Until now, Marina Coast Water District General Manager, Jim Heitzman has been notable mainly for his astoundingly high salary that, last we checked, was setting the public back about $240,000 per year. But with today’s release of the preliminary findings of the Steve Collins conflict of interest investigation, he will likely be even more noted for his astounding lack of judgment.
The preliminary report reveals that RMC Water and Environment contracted with Monterey County Water Resources Agency Director, Steve Collins, at the request of Jim Heitzman. And that Heitzman’s agency then spent months reimbursing RMC for Collins’ bills, which included charges for time spent performing his duties as a MCWRA Director! Collins eventually received $160,598 from RMC.

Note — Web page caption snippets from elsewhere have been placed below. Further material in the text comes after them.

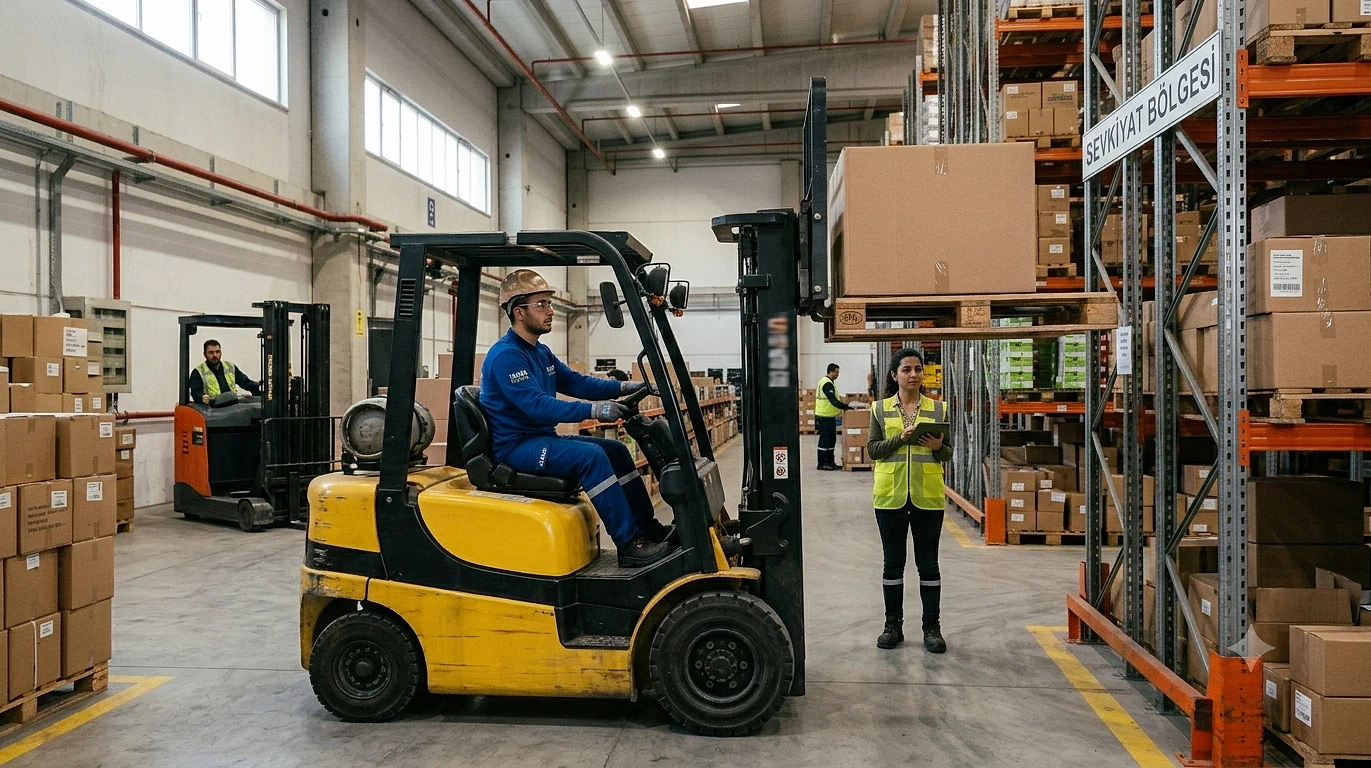 Forklift operatörlüğü hakkında detaylı rehber Depo alanında forklift kullanan operatör ve yükleme işlemi yapan çalışan.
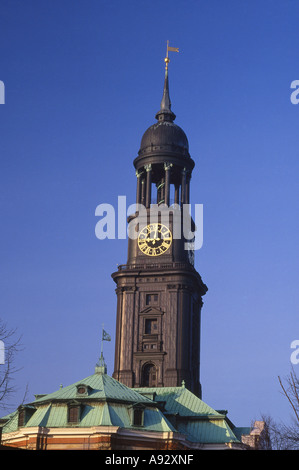 St Michaelis Church tower Early morning view Hamburg Germany Stock Photo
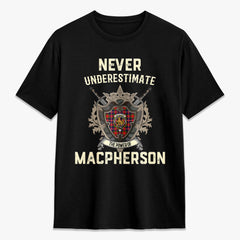 MacPherson Modern Tartan Crest 2D T-shirt - Never Underestimate Style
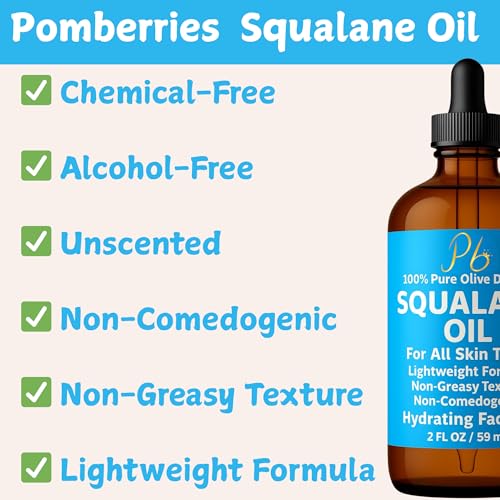 Squalane Oil ? 100% Plant-Derived, Lightweight & Fast-Absorbing, Squalane Oil for Face, Anti-Aging, Dry Skin, Hair & Body | Non-Greasy, Non-Comedogenic Moisturizer | 2 fl oz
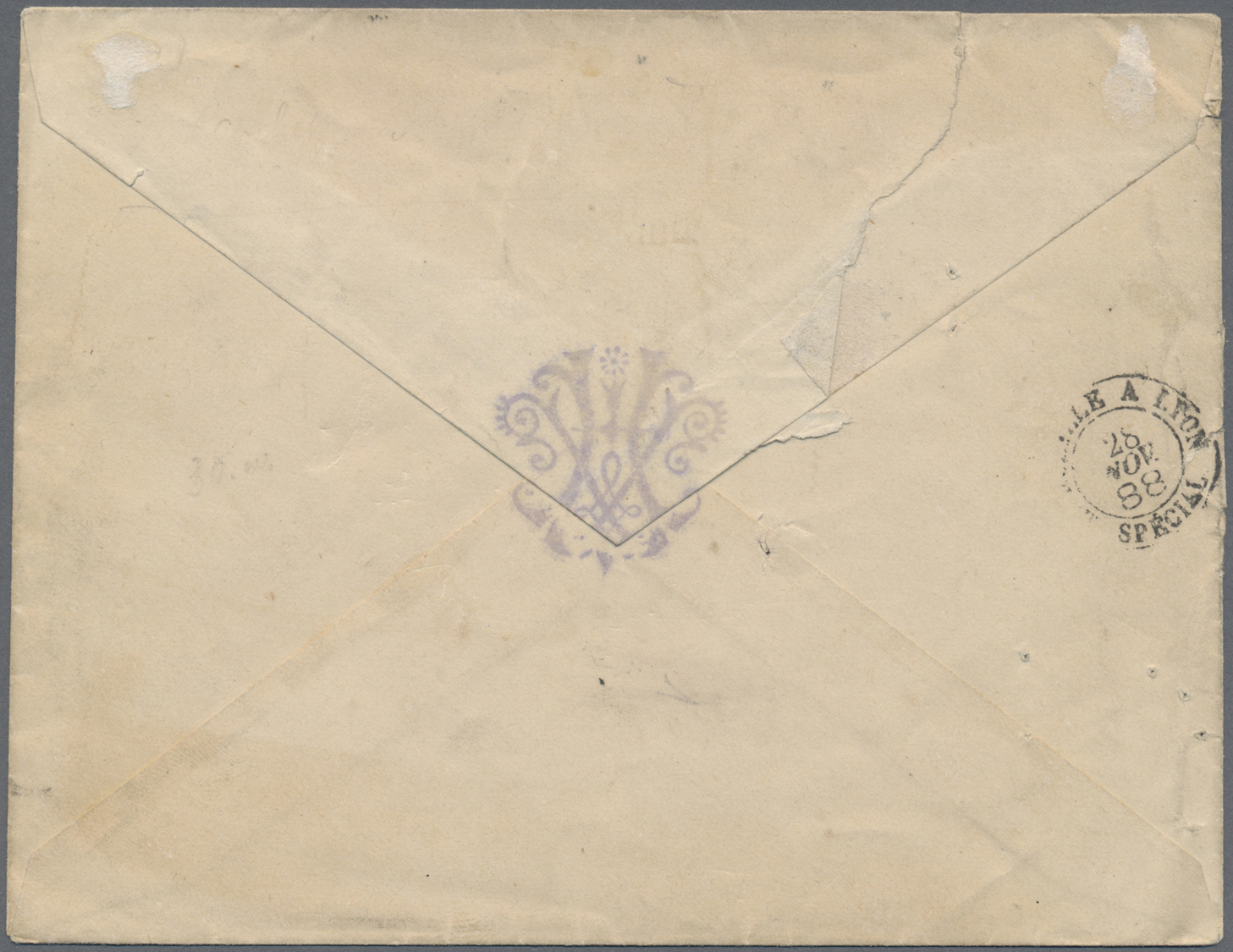 Br Hongkong: 1888. Stamp-less Envelope (roughly Opened) Written From The French Consulate In Hong Kong Addressed To Fran - Autres & Non Classés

Put another way, Jim Heitzman apparently asked RMC, a private company with a major stake in the Regional Desal Project, to pay a MCWRA Director – with a legal duty to look after the public interest in making decisions regarding the project – to help get the project sorted out and approved.
Although the conflict of interest inherent in working for both RMC and the public on the desal project is pretty obvious, Collins went still further by actually charging RMC for time spent performing his duties as a MCWRA Director. And Jim Heitzman, whose agency received itemized bills for that work, apparently saw nothing wrong with this.
Whatever legal consequences there may be for Collins and the others involved in these shenanigans, the repercussions that most interest us will be those to the Regional Desal Project itself. As it is not at all unlikely that the conflict of interest will result in the deeply flawed operating agreements approved last fall by the PUC being declared void, a chance might even arise to negotiate new agreements giving the ratepayers paying for the project a say in how it is operated and pricing the water it produces fairly.
Not that we really expect that to happen. Without an enormous public outcry, it is much more likely that the agencies involved will simply scramble to find a way to re-ratify the existing contracts – arguing improbably, as before, that anything else would scuttle the entire project. Maybe a local dignitary can, once again, be brought on board to earn a boatload of money “consulting” on the project for RMC, or their successor. We’ll just have to hope that next time they pick someone who isn’t currently a public official at one of the participating agencies.
Still, we do suspect that today’s revelations will make the ratepayers of the Monterey Peninsula less inclined than ever to leave the future of their water supply in the fumbling hands of Marina Coast and Jim Heitzman. The question is whether or not they’ll have a choice.